▼▼▼

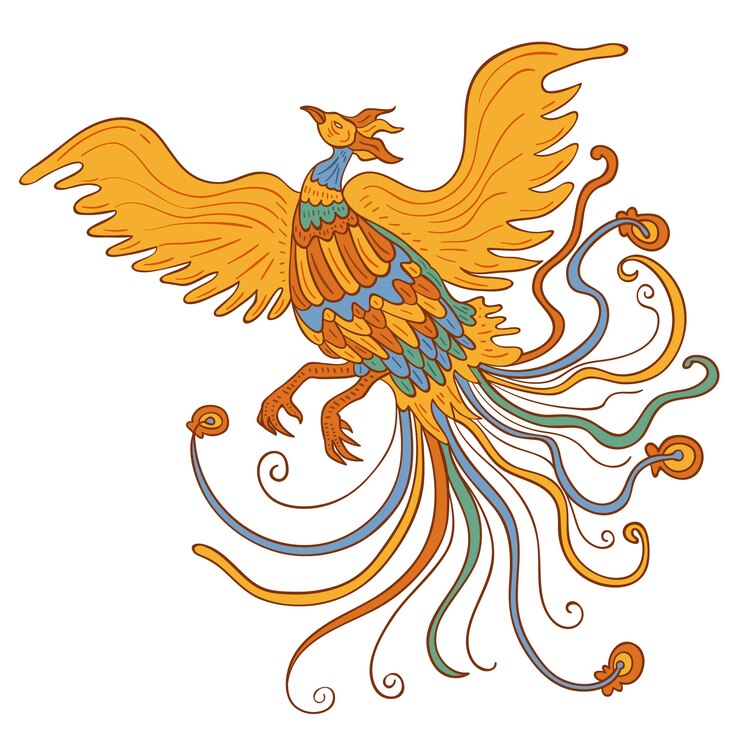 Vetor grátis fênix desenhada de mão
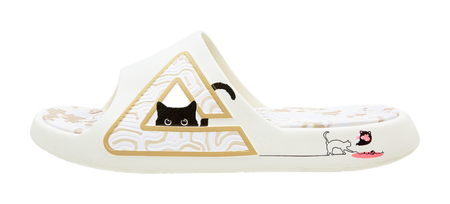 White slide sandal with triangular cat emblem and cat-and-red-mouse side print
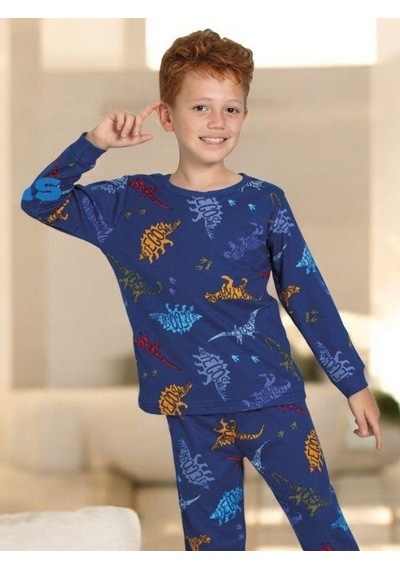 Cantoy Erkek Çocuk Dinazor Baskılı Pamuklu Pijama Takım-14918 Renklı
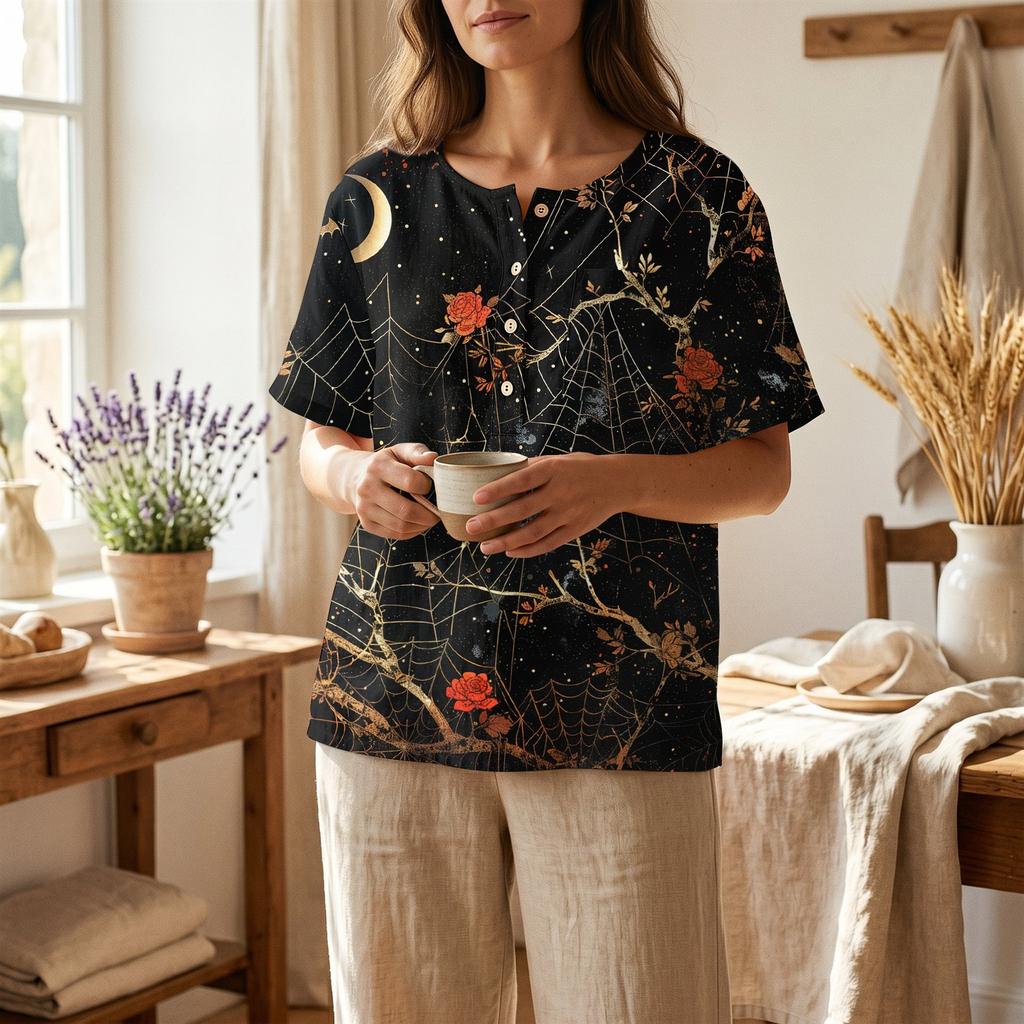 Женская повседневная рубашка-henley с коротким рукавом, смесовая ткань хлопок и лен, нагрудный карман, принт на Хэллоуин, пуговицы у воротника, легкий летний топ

▲▲▲

## What to produce
When copying the listing, skip the pictures and keep each line exactly as written.

## Solution to this task
 Vetor grátis fênix desenhada de mão
 White slide sandal with triangular cat emblem and cat-and-red-mouse side print
 Cantoy Erkek Çocuk Dinazor Baskılı Pamuklu Pijama Takım-14918 Renklı
 Женская повседневная рубашка-henley с коротким рукавом, смесовая ткань хлопок и лен, нагрудный карман, принт на Хэллоуин, пуговицы у воротника, легкий летний топ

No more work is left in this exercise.